--- Extracted records ---

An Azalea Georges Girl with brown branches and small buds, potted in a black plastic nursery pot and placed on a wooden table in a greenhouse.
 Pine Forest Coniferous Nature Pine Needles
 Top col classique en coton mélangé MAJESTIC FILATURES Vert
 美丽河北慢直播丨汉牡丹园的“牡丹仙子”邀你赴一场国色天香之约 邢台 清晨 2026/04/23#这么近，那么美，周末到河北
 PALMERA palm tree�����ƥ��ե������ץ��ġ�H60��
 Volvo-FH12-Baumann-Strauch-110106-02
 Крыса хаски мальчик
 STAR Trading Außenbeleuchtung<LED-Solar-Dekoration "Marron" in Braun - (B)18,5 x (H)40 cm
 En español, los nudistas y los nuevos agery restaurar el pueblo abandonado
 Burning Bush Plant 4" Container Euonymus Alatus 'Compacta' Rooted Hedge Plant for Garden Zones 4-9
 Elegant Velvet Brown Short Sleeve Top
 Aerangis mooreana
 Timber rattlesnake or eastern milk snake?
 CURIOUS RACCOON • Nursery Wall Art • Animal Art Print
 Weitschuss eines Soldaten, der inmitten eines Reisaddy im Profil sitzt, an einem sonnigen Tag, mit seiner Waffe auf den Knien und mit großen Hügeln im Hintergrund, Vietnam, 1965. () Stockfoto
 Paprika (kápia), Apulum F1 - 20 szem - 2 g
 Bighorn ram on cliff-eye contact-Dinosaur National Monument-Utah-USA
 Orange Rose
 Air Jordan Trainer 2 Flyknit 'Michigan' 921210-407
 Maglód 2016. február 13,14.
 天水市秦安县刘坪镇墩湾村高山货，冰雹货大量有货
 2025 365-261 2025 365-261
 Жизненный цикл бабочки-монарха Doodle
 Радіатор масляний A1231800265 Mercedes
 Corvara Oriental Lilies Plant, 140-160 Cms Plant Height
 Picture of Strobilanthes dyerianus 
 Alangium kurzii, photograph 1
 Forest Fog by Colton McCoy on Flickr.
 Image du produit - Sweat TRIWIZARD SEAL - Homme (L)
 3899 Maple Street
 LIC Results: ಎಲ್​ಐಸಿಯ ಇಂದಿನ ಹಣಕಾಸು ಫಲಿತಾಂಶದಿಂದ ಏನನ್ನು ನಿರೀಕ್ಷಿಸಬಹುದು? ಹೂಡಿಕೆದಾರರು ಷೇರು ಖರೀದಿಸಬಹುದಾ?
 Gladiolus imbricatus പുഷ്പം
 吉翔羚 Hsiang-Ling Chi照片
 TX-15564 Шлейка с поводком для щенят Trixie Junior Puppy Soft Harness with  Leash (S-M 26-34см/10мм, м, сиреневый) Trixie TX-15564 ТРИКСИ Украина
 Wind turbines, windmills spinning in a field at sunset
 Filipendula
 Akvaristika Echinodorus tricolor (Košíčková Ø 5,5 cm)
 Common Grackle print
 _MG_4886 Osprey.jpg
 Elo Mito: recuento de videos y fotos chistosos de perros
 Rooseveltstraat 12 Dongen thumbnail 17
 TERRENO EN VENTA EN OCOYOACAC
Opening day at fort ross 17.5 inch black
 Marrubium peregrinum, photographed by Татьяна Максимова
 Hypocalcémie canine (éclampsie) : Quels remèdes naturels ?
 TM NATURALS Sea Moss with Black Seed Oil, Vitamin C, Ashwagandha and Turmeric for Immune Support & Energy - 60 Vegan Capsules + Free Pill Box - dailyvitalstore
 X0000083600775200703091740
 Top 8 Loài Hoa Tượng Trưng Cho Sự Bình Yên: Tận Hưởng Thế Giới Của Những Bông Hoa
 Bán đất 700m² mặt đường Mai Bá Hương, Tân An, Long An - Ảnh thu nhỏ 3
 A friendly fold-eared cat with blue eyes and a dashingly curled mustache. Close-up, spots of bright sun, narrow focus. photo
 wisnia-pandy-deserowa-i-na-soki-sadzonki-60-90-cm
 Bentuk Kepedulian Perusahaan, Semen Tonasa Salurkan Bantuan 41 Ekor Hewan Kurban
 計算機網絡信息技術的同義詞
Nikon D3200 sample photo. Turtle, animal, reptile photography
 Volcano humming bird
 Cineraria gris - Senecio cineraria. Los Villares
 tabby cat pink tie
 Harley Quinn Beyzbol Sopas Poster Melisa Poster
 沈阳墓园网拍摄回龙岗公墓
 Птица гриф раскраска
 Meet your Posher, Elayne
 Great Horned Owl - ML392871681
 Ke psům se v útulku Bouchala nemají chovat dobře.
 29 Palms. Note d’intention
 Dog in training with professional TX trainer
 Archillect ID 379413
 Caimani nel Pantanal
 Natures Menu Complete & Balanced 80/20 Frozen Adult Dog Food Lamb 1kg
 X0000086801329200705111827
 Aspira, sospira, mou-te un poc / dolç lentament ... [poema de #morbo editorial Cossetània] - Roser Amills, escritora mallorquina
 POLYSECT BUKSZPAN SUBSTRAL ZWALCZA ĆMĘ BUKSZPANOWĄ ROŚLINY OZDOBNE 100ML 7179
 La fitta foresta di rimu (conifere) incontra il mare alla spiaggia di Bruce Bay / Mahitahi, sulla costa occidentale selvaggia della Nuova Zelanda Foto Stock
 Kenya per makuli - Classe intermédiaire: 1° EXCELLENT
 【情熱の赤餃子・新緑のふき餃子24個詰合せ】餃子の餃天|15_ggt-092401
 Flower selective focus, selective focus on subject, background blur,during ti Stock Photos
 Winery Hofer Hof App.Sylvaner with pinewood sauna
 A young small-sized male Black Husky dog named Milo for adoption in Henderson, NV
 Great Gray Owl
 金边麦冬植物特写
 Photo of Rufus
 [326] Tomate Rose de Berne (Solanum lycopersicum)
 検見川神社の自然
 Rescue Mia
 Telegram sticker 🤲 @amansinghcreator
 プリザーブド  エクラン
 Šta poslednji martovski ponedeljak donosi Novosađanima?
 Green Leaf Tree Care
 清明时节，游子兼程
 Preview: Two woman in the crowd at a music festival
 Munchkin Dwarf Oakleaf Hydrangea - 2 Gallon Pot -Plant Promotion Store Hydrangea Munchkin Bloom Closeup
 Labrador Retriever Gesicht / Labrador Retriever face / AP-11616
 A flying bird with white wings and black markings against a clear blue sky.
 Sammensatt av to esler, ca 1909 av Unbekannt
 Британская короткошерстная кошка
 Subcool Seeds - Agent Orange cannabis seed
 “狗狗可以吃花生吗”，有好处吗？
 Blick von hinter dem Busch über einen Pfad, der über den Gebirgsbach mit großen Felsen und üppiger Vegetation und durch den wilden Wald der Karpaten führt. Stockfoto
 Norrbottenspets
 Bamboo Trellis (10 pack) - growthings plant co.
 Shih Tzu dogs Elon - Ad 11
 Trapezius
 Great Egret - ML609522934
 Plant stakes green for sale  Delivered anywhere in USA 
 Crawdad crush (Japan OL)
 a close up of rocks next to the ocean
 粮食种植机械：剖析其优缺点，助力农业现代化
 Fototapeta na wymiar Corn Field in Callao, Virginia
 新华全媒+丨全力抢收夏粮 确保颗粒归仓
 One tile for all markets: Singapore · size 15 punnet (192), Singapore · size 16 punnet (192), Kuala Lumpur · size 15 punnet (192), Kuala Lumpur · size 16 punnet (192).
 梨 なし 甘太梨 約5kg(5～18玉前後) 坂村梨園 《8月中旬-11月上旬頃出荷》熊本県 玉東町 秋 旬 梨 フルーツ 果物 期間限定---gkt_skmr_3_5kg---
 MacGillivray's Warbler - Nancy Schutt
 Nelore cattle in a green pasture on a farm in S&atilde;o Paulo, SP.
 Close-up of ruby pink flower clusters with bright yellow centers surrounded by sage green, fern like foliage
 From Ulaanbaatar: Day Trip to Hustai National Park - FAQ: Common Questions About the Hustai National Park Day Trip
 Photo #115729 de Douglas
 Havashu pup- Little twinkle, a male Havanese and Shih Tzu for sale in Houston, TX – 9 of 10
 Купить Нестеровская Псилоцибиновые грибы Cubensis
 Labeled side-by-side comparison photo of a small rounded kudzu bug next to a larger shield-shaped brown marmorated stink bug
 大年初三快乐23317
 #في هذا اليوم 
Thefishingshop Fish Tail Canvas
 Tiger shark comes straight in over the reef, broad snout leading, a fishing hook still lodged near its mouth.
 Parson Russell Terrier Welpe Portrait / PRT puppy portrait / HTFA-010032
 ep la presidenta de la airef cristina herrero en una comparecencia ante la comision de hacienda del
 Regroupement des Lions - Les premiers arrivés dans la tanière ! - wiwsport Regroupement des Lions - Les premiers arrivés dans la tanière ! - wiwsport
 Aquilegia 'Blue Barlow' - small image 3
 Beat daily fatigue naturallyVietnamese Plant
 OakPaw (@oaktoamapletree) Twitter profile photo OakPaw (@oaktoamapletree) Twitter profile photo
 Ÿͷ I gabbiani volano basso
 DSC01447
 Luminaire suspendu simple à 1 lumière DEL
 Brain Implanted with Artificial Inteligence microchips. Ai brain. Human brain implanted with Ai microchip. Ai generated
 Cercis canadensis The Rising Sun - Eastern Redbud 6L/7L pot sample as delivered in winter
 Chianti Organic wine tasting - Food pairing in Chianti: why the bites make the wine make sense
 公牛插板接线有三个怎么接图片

---

Work order:
Copy out, word for word, the part of the entries above that begins at the line with "Bamboo Trellis (10" and ends at the line with "Nelore cattle in", including both.

Reply:
 Bamboo Trellis (10 pack) - growthings plant co.
 Shih Tzu dogs Elon - Ad 11
 Trapezius
 Great Egret - ML609522934
 Plant stakes green for sale  Delivered anywhere in USA 
 Crawdad crush (Japan OL)
 a close up of rocks next to the ocean
 粮食种植机械：剖析其优缺点，助力农业现代化
 Fototapeta na wymiar Corn Field in Callao, Virginia
 新华全媒+丨全力抢收夏粮 确保颗粒归仓
 One tile for all markets: Singapore · size 15 punnet (192), Singapore · size 16 punnet (192), Kuala Lumpur · size 15 punnet (192), Kuala Lumpur · size 16 punnet (192).
 梨 なし 甘太梨 約5kg(5～18玉前後) 坂村梨園 《8月中旬-11月上旬頃出荷》熊本県 玉東町 秋 旬 梨 フルーツ 果物 期間限定---gkt_skmr_3_5kg---
 MacGillivray's Warbler - Nancy Schutt
 Nelore cattle in a green pasture on a farm in S&atilde;o Paulo, SP.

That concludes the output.